Polymerase chain reactions (PCR) are used to diagnosis Plasmodium malariae (cause of quartan fever) as well as to distinguish mixed infections with different species of Plasmodium.

Treatment 

 Chloroquine is an anti-malarial medication administered in the form of a tablet for ingestion.
Chloroquine is a water-soluble drug which is used to treat quartan fever. It is ingested in a compressed tablet form and is absorbed by the gastrointestinal tract.
 Hydroxychloroquine, another anti-malarial, is used to treat quartan fever. Hydroxychloroquine is also typically administered to patients with lupus flares.
 Both hydroxychloroquine and  chloroquine have a side effect of retinal toxicity when administered to infected patients.
 Adverse effects  of the drug chloroquine  include agitation, anxiety, confusion, gastrointestinal discomfort, blurring vision and/or irreversible retinopathy.
 Sulfadoxine-pyrimethamine (SP) is administered to pregnant women. Two to three doses of SP has been proven to reduce the levels of placental malaria  and had a reduced risk of moderate to severe anemia.

Prevention 

Ways to minimise exposure to the Anopheles mosquito include:

 Indoor residual sprays are one of the most utilised methods of malaria prevention by the Global Malaria Eradication Campaign. Spraying is a method used to control malaria epidemics.
Nets treated with insecticide are effective at preventing mosquito contact for three years. The World Health Organization (WHO) specifically protects younger children and pregnant women in order to reduce the risk of spreading quartan fever within the population.
Sulfadoxine-pyrimethamine (SP) administration to pregnant women is also a source of prevention in order to reduce the risks of maternal anaemia, low birth rate, and perinatal mortality. SP reduces the impact quartan fever may have on newborns and decrease the mortality rate. This method of prevention is known as "chemoprevention."
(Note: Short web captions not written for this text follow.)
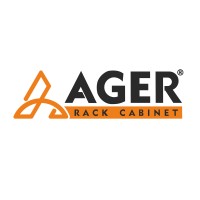 Ager Rack Cabinet
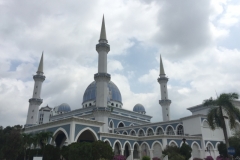 5543 25-1-19 MOSQUE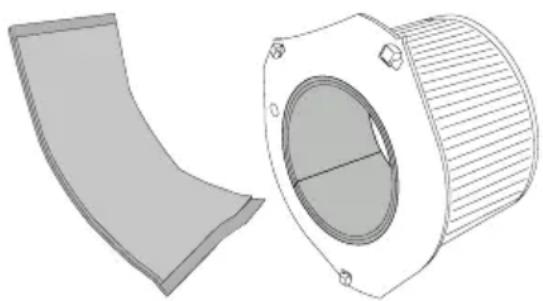 IDEAL AP140 PRO - Accesorios - 2
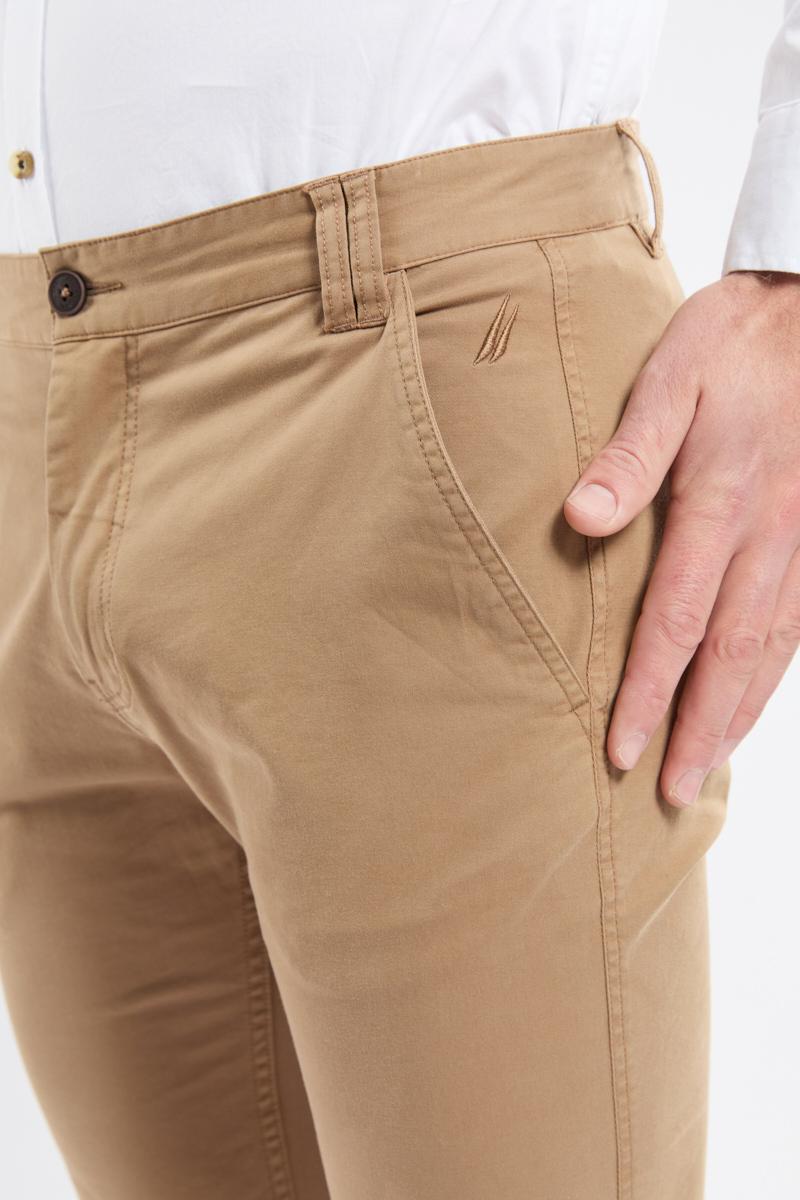 Bermudes Pantalon Chino DURBAN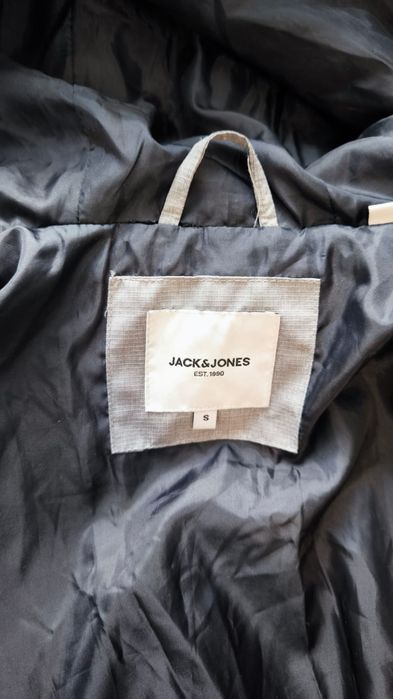 Kurtka zimowa Jack &Jones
 House improvement is also a method of prevention. Traditional houses consisting of natural materials are susceptible to gaps which allow entry to Anopheles mosquitoes. House improvements including sealed windows and doors reduce the risk of coming in contact with the infected mosquitoes.
 Larval source management is the control and monitoring of aquatic environments in order to prevent Anopheles mosquitoes from fully developing. Mosquitoes require aquatic environments in order to fully mature and develop. Once the mosquito eggs hatch, the larva must live in the water and develop into pupa. The pupa stage then matures into a fully developed mosquito and emerges from its aquatic habitat. When removing any water-filled containers from the surrounding area the mosquito life cycle is halted and acts as a method to reduce mosquito population within the surrounding area.
 Clothing can act as a physical barrier to prevent exposure of flesh for mosquitoes to feed on, treating beds and clothing with insecticides/repellents can further reduce chances of infected mosquitoes from biting and passing quartan fever to individuals.
 Avoiding areas which have high mosquito populations, specifically for quartan fever the P. malariae strain.
 Avoiding travelling to regions which have a subtropical climate to prevent infection and developing quartan fever.
Implementing the sugar baiting method aids in reducing the population of Anopheles mosquitoes, and ultimately reducing the likelihood of catching quartan fever. Both male and female mosquitoes feed on the attractive toxic sugar bait (ATSB)  and ingest low-risk oral toxins e.g. boric acid. This leads to mosquito death and reduces population.